Ma questi provvedimenti non sono sufficienti a recuperare le risorse necessarie per il cuneo fiscale e la riforma dell’Irpef. Per questo si è deciso un taglio lineare del 5% del bilancio dei ministeri. Ciò significa che alcuni servizi sociali verranno definanziati. In particolare, le spese per il trasporto (senza toccare il Ponte sullo stretto), le spese per l’istruzione e per l’Università. Quest’ultima vede un riduzione del Fondo di Finanziamento Ordinario di 178 milioni di euro a cui occorre aggiungere il taglio di circa 340 milioni che erano stati messi a bilancio nella manovra dello scorso anno per finanziare il piano straordinario per l’assunzione di nuovi professori associati per evitare il licenziamento di numerosi ricercatori con il contratto in scadenza. A parole, la sanità non viene toccata, anzi parte dei 3,5 miliardi anticipati dalle banche dovrebbero essere usati per aumentare il fondo sanitario (pur continuando a rimanere al di sotto degli standard minimi europei). Ma vi è il fondato sospetto che si tratti ancora una volta di pura propaganda.

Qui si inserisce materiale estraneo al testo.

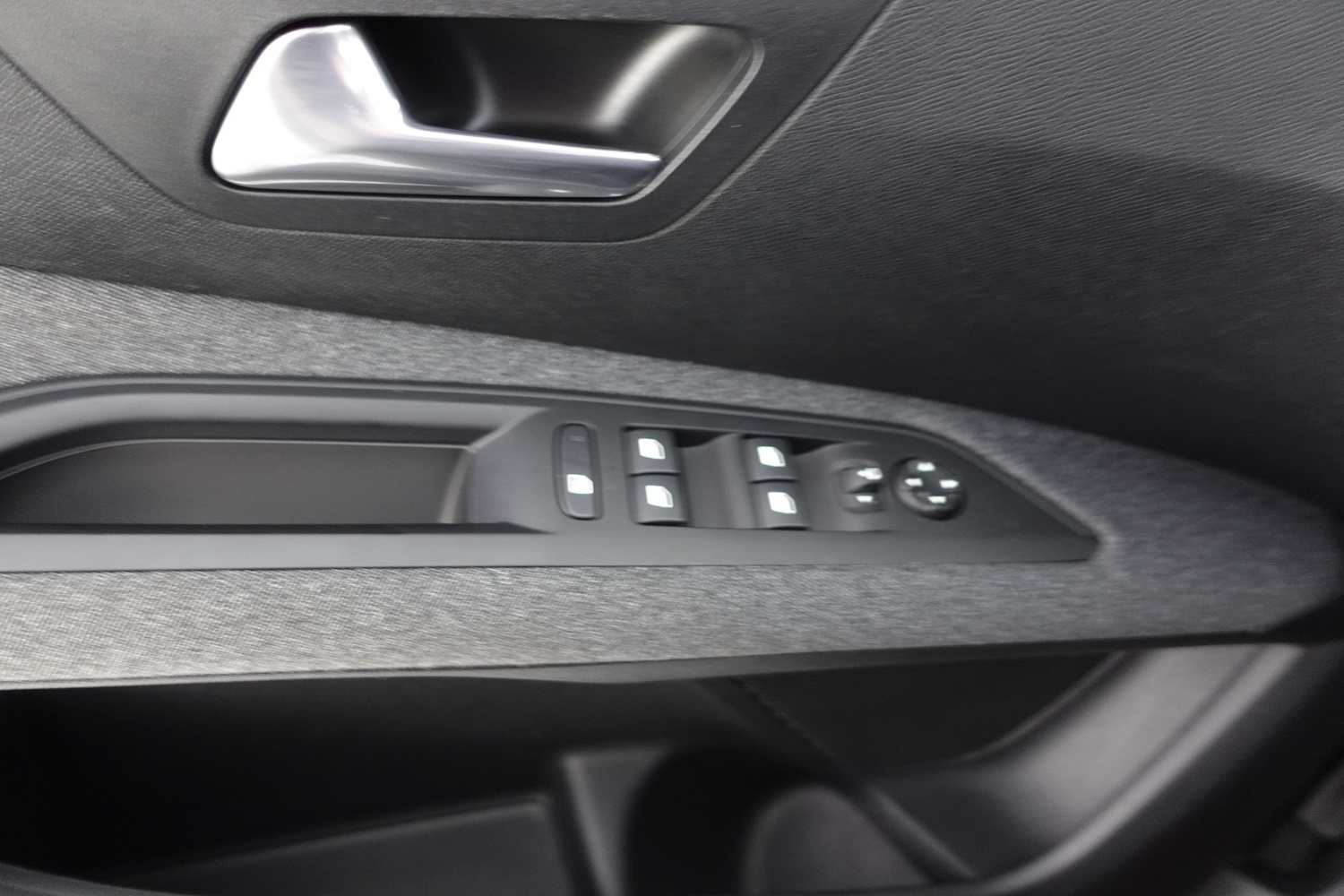 Peugeot 3008 vaihtoauto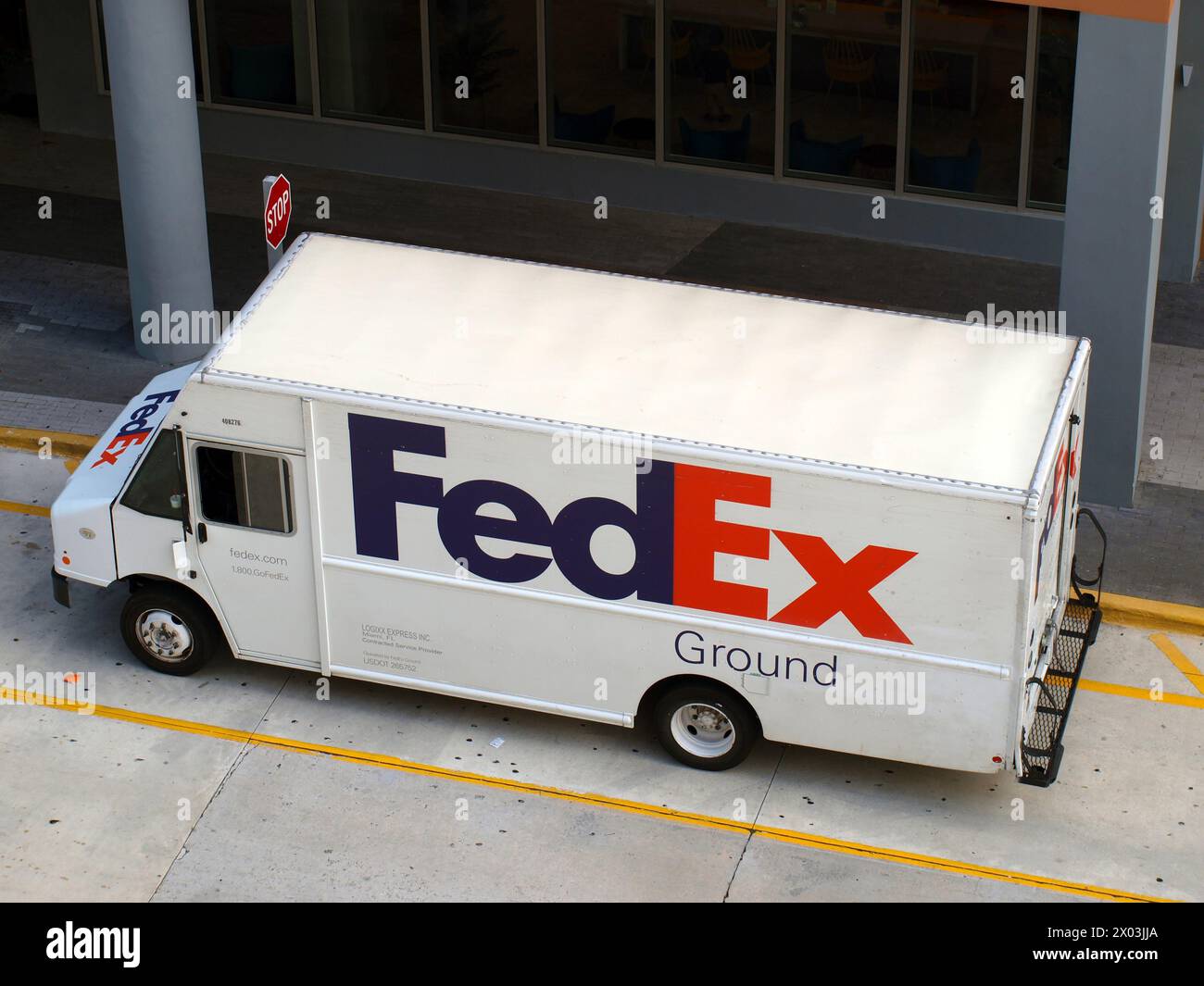 Miami, Florida, Stati Uniti - 6 aprile 2024: FedEx Truck si ferma in una strada. Foto Stock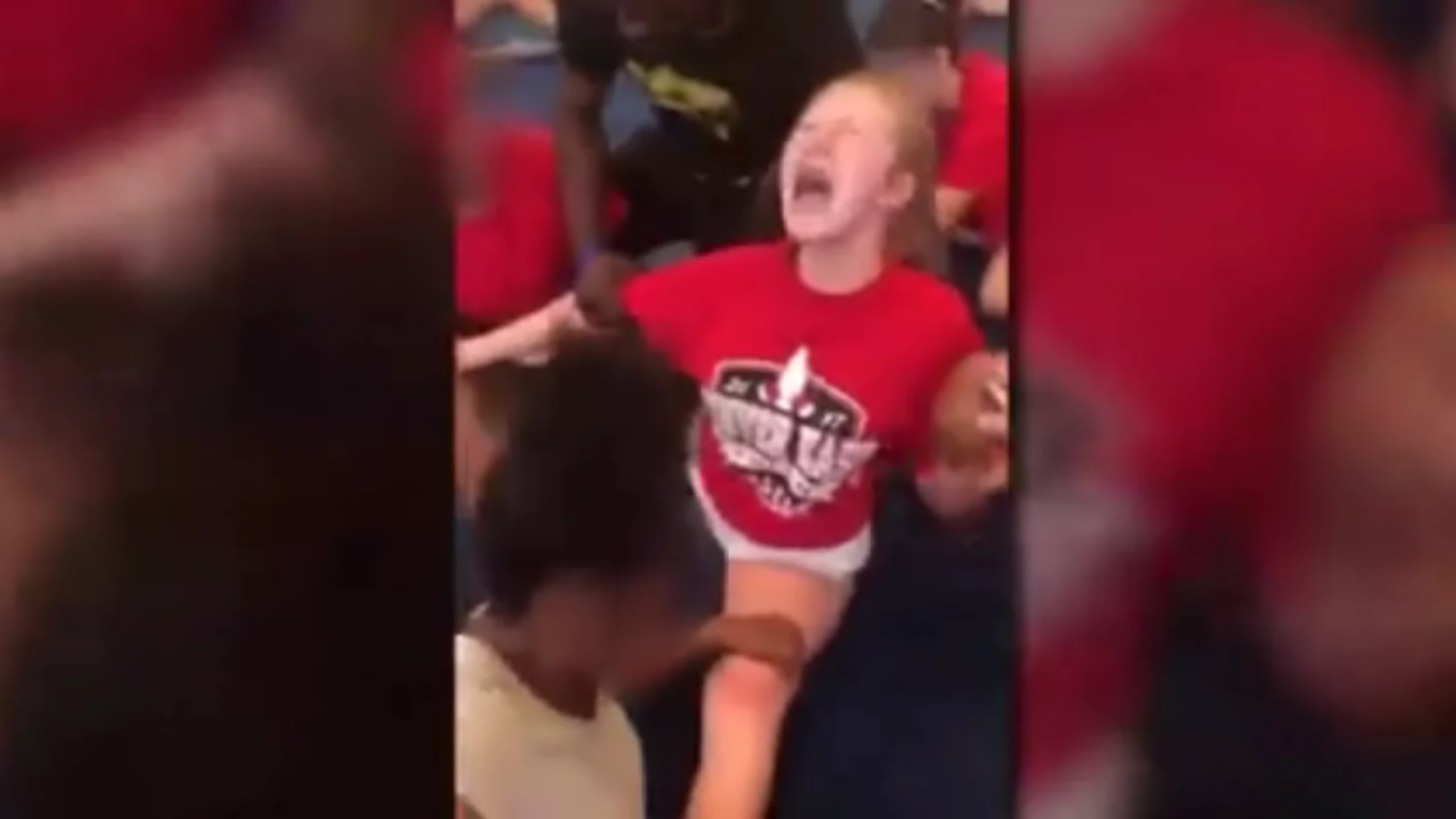 Cristo preámbulo Abundante Disturbing video shows high school cheerleaders screaming as they're forced  to do splits - The Washington Post
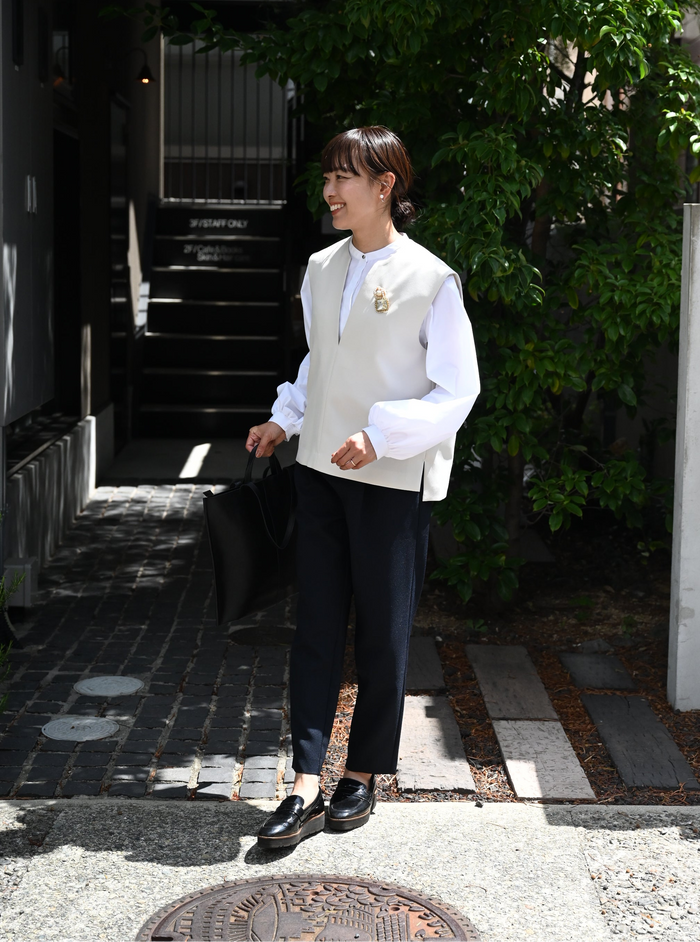 洗えるきれいめVネックベスト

Sulla base di queste parziali argomentazioni, un giusto titolo sarebbe stato, dopo l’occhiello “manovra economica 2025”: promesse al vento (quello che, infatti, è stato messo qui). Sommario: “Le banche vengono graziate, le tasse calano solo un poco per il ceto medio ma aumenta il prezzo del diesel. Bonus bebè: politica dell’annuncio. Rischio di mancanza di risorse per i servizi sociali essenziali”.
Tra gli ultimi libri di Andrea Fumagalli Valore, moneta, tecnologia. Capitalismo e scienza economica (DeriveApprodi).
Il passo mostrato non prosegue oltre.